The answer is the data below, repeated exactly, with no pictures included.

* Given data:
-=-=-

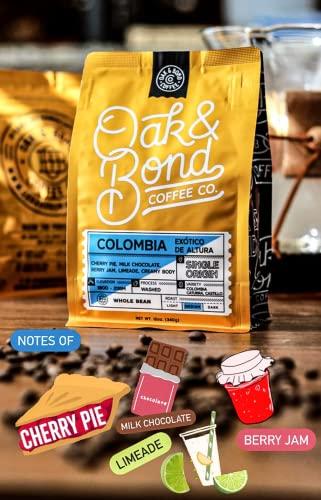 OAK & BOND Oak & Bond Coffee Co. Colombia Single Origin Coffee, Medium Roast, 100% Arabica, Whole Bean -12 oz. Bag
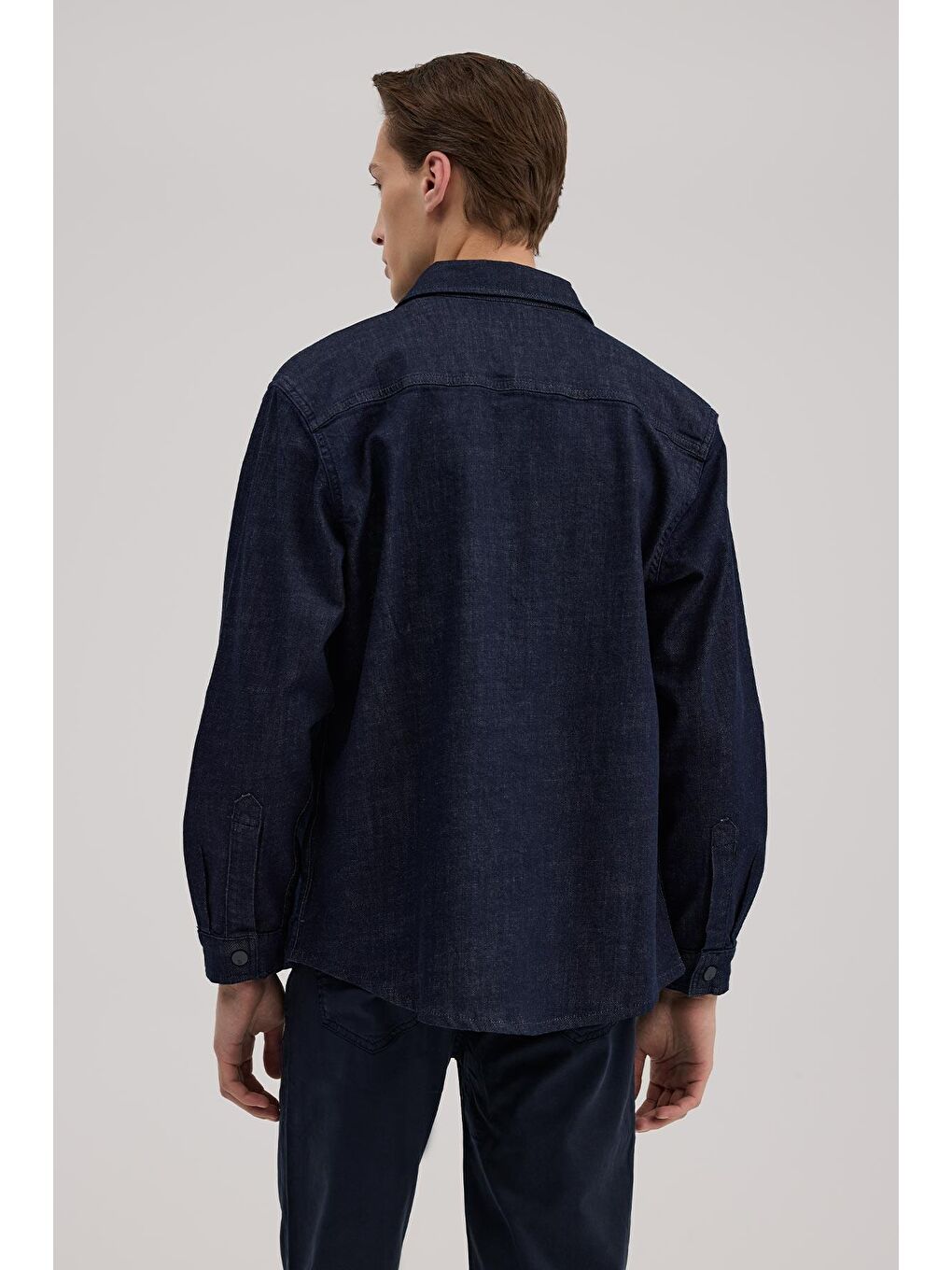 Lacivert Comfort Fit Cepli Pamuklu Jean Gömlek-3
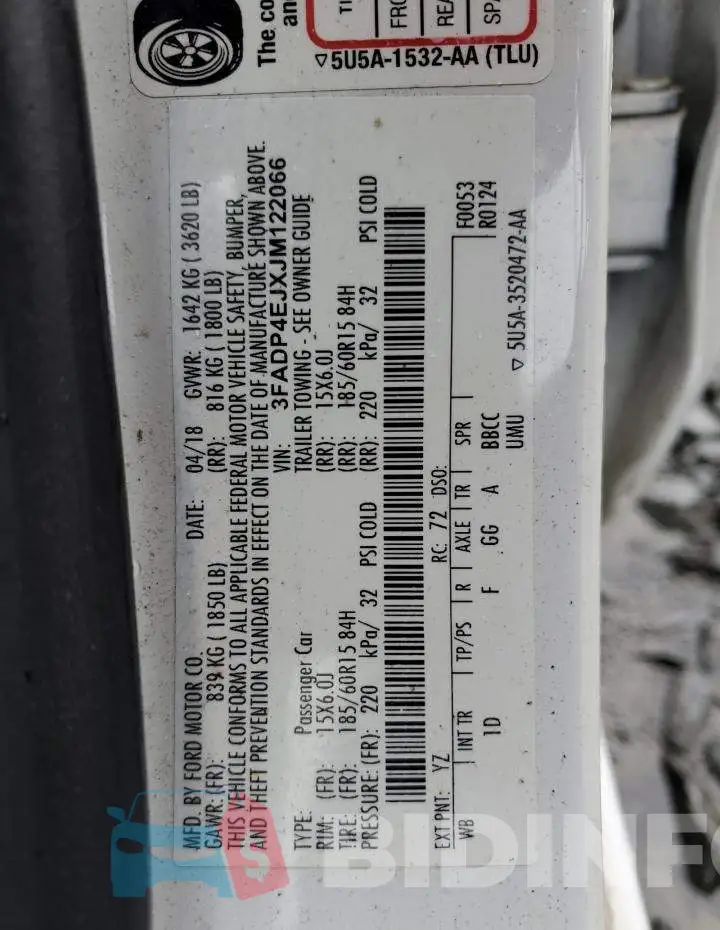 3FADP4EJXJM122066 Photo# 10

-=-=-

* Result of this exercise:
 OAK & BOND Oak & Bond Coffee Co. Colombia Single Origin Coffee, Medium Roast, 100% Arabica, Whole Bean -12 oz. Bag
 Lacivert Comfort Fit Cepli Pamuklu Jean Gömlek-3
 3FADP4EJXJM122066 Photo# 10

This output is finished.